■ WHAT THE TASK ASKS:
For the data below, transcribe the part that opens with the line containing "Foragido com tornozeleira" and closes with the line containing "AquaQuest Mariner Backpack", exactly and with no pictures.

■ Captioned web image data:
[Start of section]

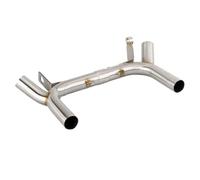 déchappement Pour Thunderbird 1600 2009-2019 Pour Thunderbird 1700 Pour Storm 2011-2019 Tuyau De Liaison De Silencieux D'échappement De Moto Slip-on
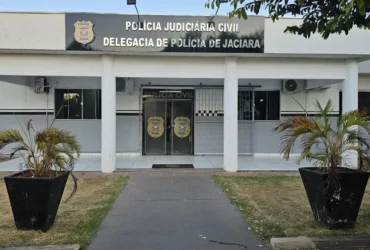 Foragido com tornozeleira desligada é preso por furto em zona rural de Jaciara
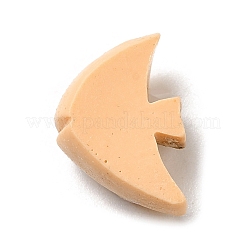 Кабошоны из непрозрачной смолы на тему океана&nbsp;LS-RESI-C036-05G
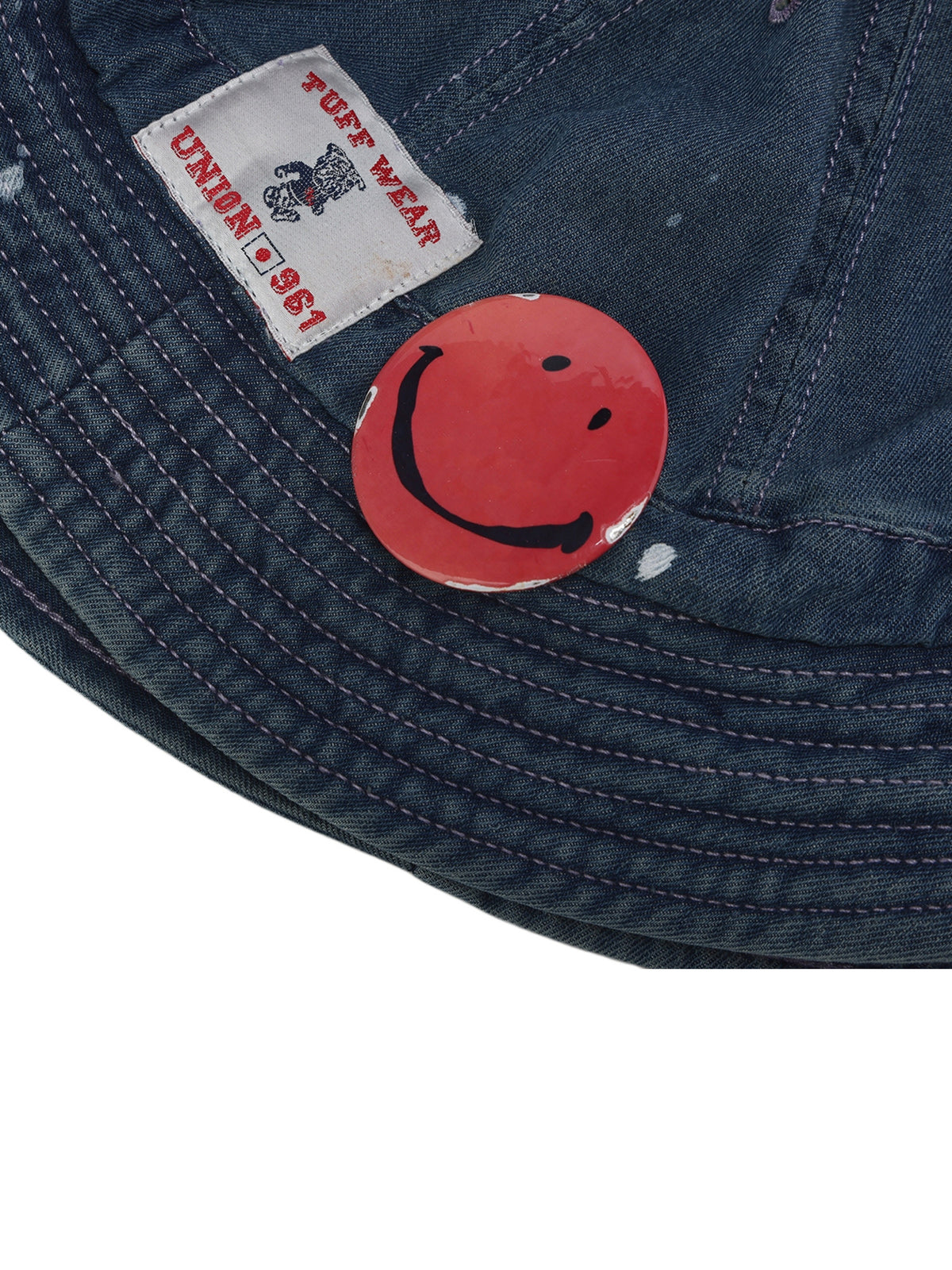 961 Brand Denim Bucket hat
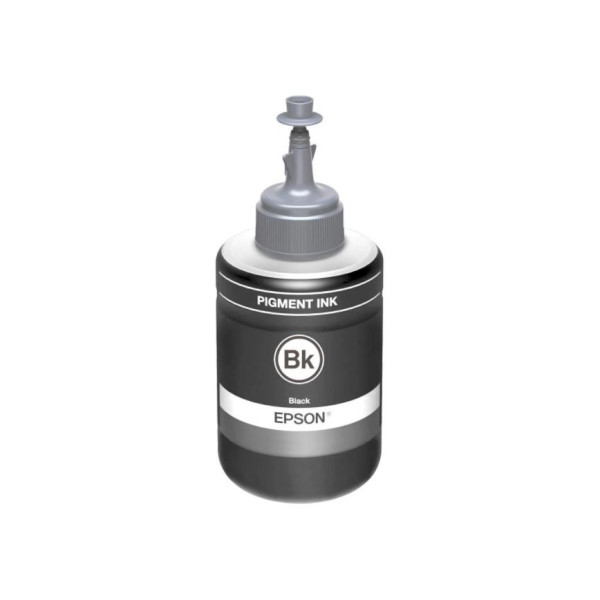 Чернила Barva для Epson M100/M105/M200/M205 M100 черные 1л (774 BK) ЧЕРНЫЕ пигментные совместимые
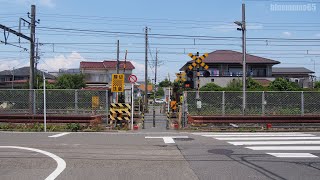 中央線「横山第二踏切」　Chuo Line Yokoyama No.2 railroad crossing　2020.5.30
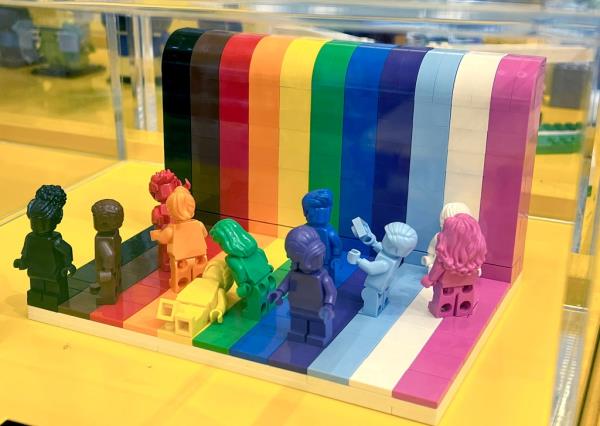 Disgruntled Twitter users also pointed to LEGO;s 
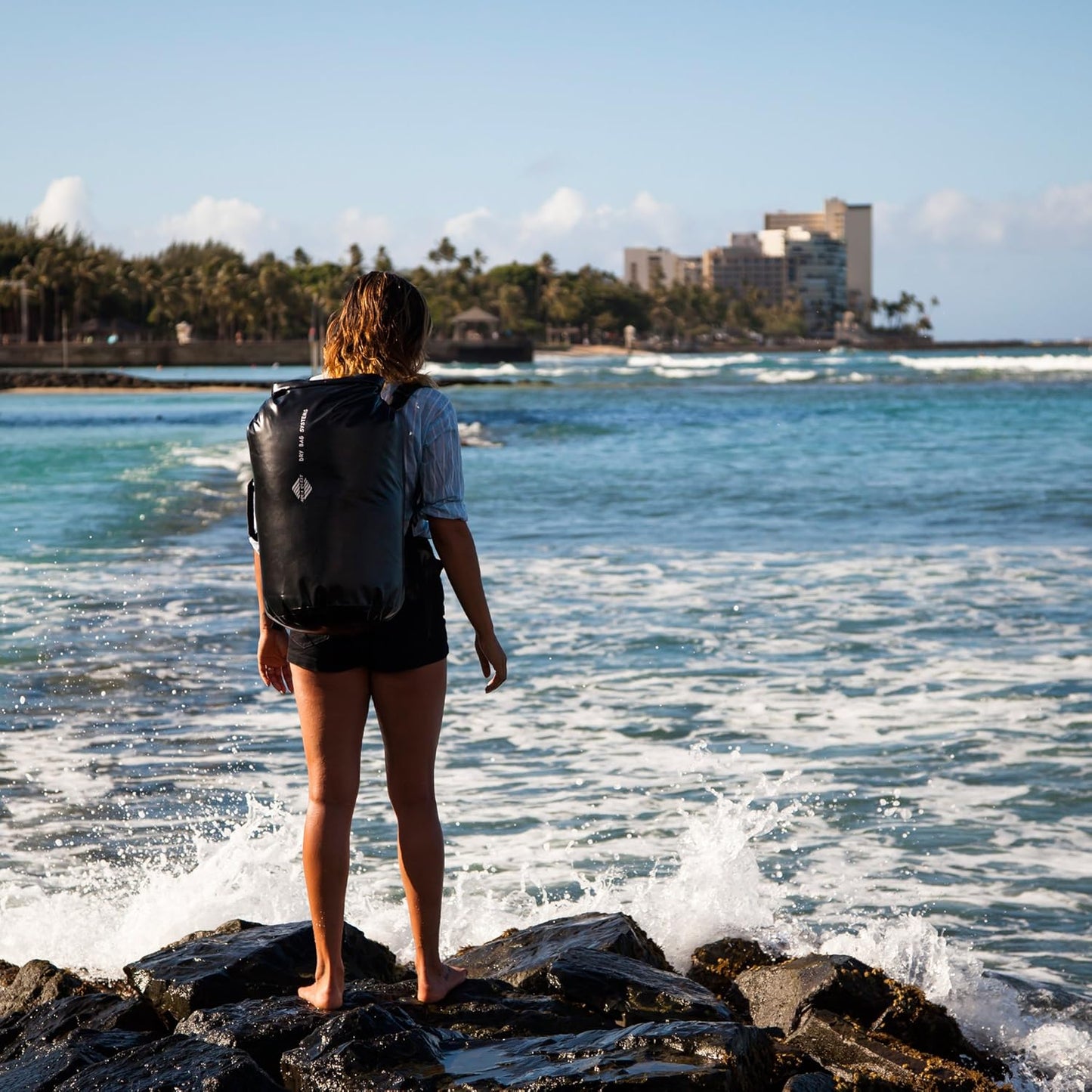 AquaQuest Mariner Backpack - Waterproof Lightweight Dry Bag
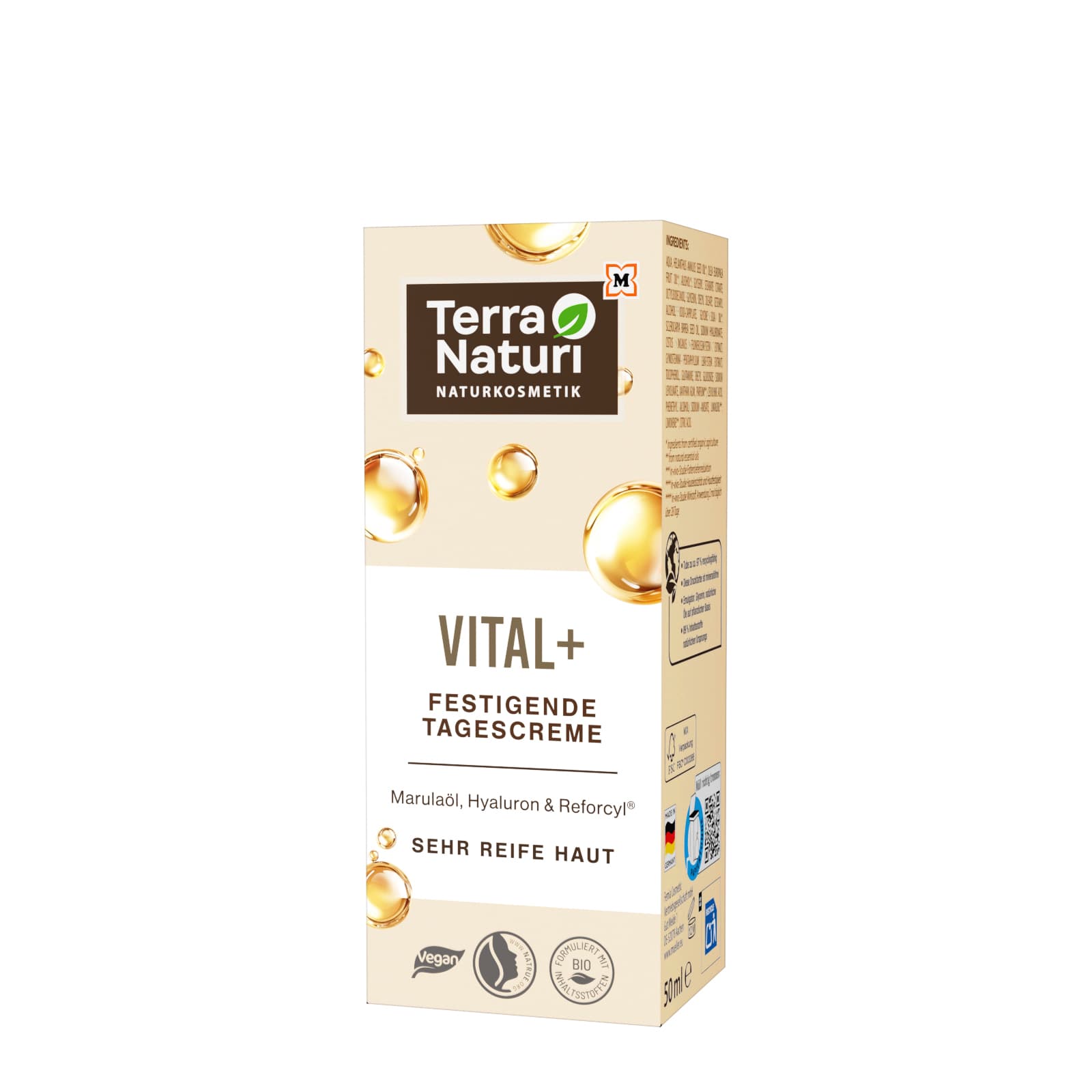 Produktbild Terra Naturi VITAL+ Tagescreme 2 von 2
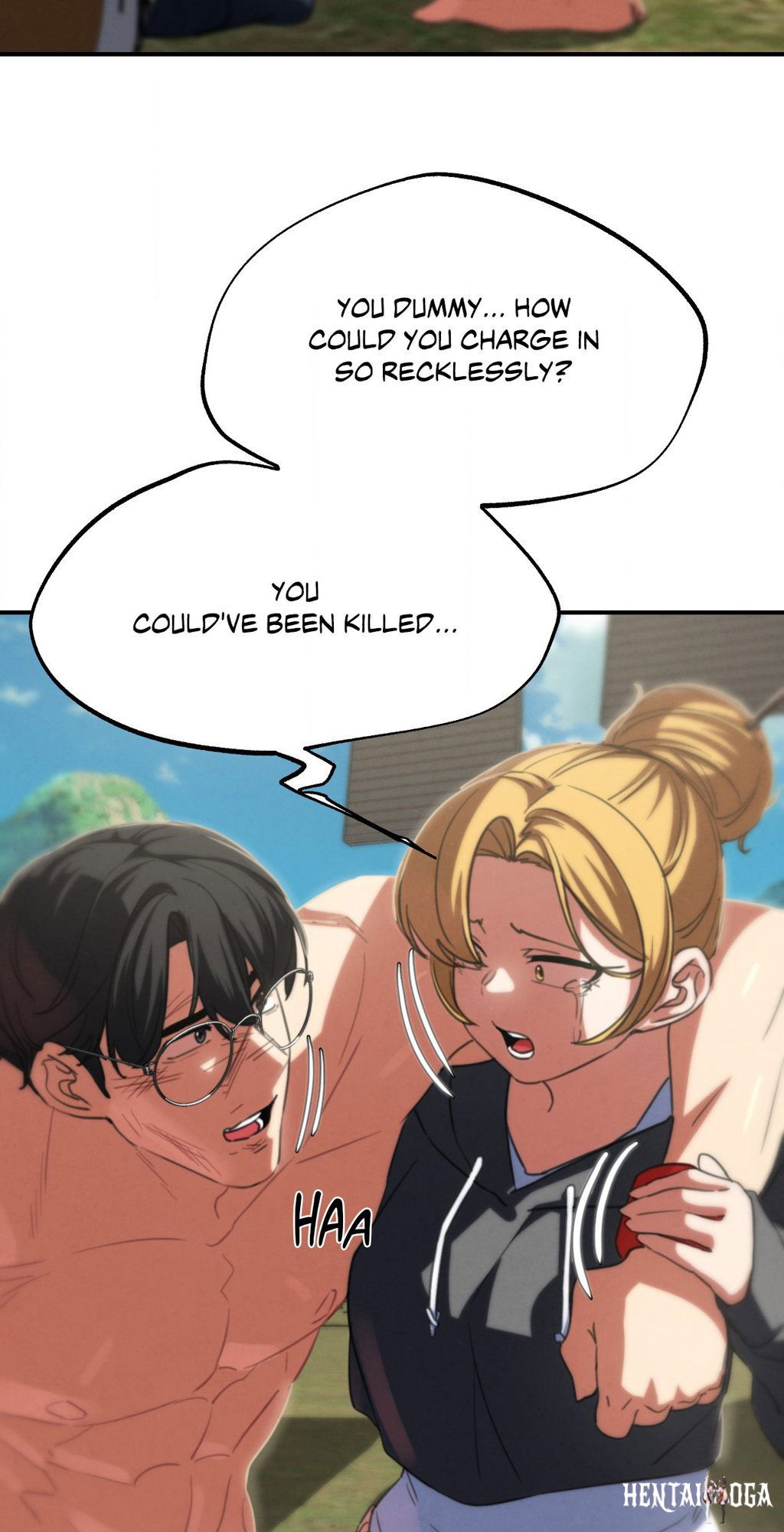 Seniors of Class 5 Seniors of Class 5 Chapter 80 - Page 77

[End of section]

■ RESPONSE TO THE TASK:
 Foragido com tornozeleira desligada é preso por furto em zona rural de Jaciara
 Кабошоны из непрозрачной смолы на тему океана&nbsp;LS-RESI-C036-05G
 961 Brand Denim Bucket hat
 Чернила Barva для Epson M100/M105/M200/M205 M100 черные 1л (774 BK) ЧЕРНЫЕ пигментные совместимые
 中央線「横山第二踏切」　Chuo Line Yokoyama No.2 railroad crossing　2020.5.30
 Disgruntled Twitter users also pointed to LEGO;s 
 AquaQuest Mariner Backpack - Waterproof Lightweight Dry Bag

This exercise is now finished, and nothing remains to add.